13 Feb 2014 | by Caroline Sweeney

The First-tier Tribunal has dismissed an appeal by Trapps Cellars against assessments totalling about £1.5 million in relation to the diversion of a number of lorry loads of spirits at some point between Trapps’ warehouse in London and two destination warehouses in Italy.

The Tribunal rejected Trapps’ main argument that it was not liable to duty because the diversion was a “loss” occurring under suspension arrangements which was attributable to “fortuitous events”. It argued that those fortuitous events entitled it to relief from duty under Article 14(1) of Directive 92/12/EEC. The Tribunal dismissed that argument, holding that goods were only “lost” within the meaning of Article 14(1) if they were unusable or not consumable. Diverted goods were not “lost” simply because the tax authorities were unable to ascertain where they were and could not collect the excise duty owing. In such circumstances, the missing goods remained available for sale to consumers within the EU.

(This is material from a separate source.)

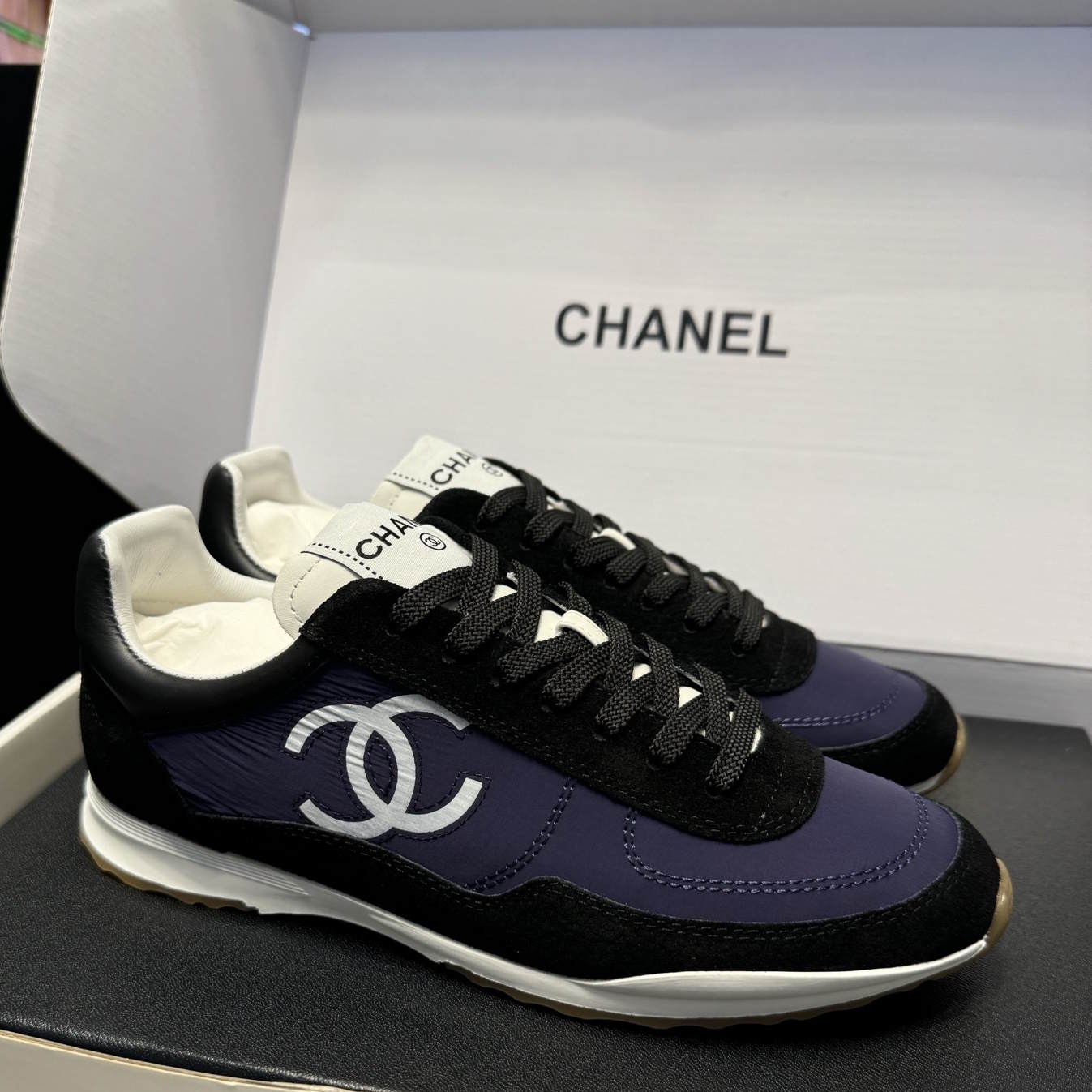 CHL Sneakers Woman 3 Color 's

In any event, the Tribunal found that Trapps had failed to establish the pre-conditions for a fortuitous event. It needed to show that the loss resulted from abnormal and unforeseeable conditions, which could not have been avoided even with the exercise of all due care. The Tribunal held that it was not enough for an excise warehousekeeper to establish that it acted in good faith. It had to show that it had taken appropriate measures to limit risk. In this case, Trapps did not take due care to prevent the consignments from going missing by undertaking due diligence on the consignees and the transporters.

The Tribunal also rejected an argument by Trapps that HMRC had allowed the consignments to run and that it should therefore have remitted duty, by analogy with the ECJ’s decision in relation to customs duty in Case C-61/98 De Haan. In that case, the ECJ held that a custom agent was not liable where it was not informed that consignments were being allowed to run as part of a criminal investigation. The Tribunal held that, although there was evidence that the Italian authorities had suspicions regarding the two Italian destination warehouses, that did not entitle Trapps to remission of duty, since De Haan was limited to cases where the tax authorities deliberately allowed offences or irregularities to be committed. There was no requirement to remit duty just because the tax authorities had suspicions at the time of the diversions, since a tax authority is not obliged to warn any taxpayer of its suspicions.

Finally, the Tribunal held that HMRC had jurisdiction to assess Trapps to UK excise duty – Trapps could not suggest that it should have been assessed to Italian excise duty, which was now out of time for assessment. Under the jurisdiction provisions set out in Article 20 of Directive 92/12/EC, the excise duty point was in the UK where the goods did not arrive at their destination. The duty point would only have arisen in Italy if the irregularity had been detected in the course of the movements by the Italian authorities. In the present case, the irregularities were detected after the end of the movement – and in any event, they were first detected by HMRC and not by the Italian authorities.

Raymond Hill represented HMRC, instructed by Shepherd & Wedderburn.